The Nikkei / JPY correlation breaks down during the epic 22% rally!
Over the last couple months as a Japanese investor, the moves have been nothing less of extraordinary. Since the end of August to a couple weeks ago, the rally of 22% was unprecedented as the market took cues from the other global equity markets hitting all-time highs in many cases (US, German, etc.) and the Japanese Nikkei was just following suit.
The issue currently, is that the Nikkei rally seemed to have stalled since over the last few sessions we have seen a strong pullback. Late last week the market put in a key reversal candle at the major 50% retracement of the all-time highs marked in the late 80’s to the lows in 2008(?). The market seems like we are backfilling some of the rally, but this has also had a consequence in the FX market which seems to be substantial.

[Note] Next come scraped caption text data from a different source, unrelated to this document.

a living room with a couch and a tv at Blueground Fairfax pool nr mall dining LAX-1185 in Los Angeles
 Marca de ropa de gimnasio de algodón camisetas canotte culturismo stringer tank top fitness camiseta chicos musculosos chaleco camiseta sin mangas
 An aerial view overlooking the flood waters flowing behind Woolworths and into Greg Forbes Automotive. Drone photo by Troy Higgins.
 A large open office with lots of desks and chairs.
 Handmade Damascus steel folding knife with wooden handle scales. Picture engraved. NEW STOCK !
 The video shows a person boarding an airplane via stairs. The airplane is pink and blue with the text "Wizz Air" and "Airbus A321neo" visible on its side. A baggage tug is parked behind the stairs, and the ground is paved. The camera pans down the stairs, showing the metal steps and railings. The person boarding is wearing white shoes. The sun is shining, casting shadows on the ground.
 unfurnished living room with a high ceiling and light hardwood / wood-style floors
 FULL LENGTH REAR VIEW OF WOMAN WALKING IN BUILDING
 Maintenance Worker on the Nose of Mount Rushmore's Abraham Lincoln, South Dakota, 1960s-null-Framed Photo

For many years, the Nikkei and Japanese yen (JPY) has had a very strong correlation. As the Nikkei would go higher, investors would sell JPY to fund those domestic purchases, and visa versa. But what we have seen in the recent months is that correlation break stride. And this is a problem for the JPY vs most major currencies. See below:
This poses a problem with FX traders, JPY dealers and institutions who thought this long time correlation would eventually lead to JPY weakness. What has happened in recent months, is the JPY has been quite range bound against many currencies. And if the Nikkei decides to make a more prominent pullback, we may see the JPY bounce higher and put the XXX/JPY pairs back down into their range or range lows.
The JPY & Nikkei from an Elliott Waves Analysis Perspective:
A few weeks back we covered the USDJPY in another blog post and highlighted an Elliott Waves triangle pattern on the weekly chart. We said that the upside can be limited at the 2015 trendline resistance since a triangle is a five-wave pattern in a contracting shape, so we were looking for a limited upside to complete wave D. Well, if you look closely we don’t have five legs yet within the red wave B), so I assume that wave E is still missing. It’s a final piece of the puzzle that can complete this complex correction, possibly by the start of 2018. Wave E will ideally target the lower side of the range near 110 which may also act as an important psychological level.
*A Triangle is a common 5-wave pattern labeled A-B-C-D-E that moves counter-trend and is corrective in nature. Triangles move within two channel lines drawn from waves A to C, and from waves B to D. A Triangle is either contracting or expanding depending on whether the channel lines are converging or expanding. Triangles are overlapping five wave affairs that subdivide 3-3-3-3-3.
When it comes to market analysis it is also important to keep an eye to correlated markets for increasing the probability of success. This time we will look in NIKKEI index, which has been in a strong uptrend during the past two months. As we have seen time and time again nothing moves in straight line, so we knew that sooner or later correction would manifest (in fact it has already started). Well, if you look at a NIKKEI weekly chart we see five waves up within wave III, so a corrective wave IV is expected, ideally back to the 38.2% Fib. compared to wave three, which comes in around 20300-20900, a level at which we also find the previous swing highs. That can prove to be an ideal area for a bounce (if we get there). At that time we should expect USDJPY to bottom, ending wave E within the aforementioned triangle.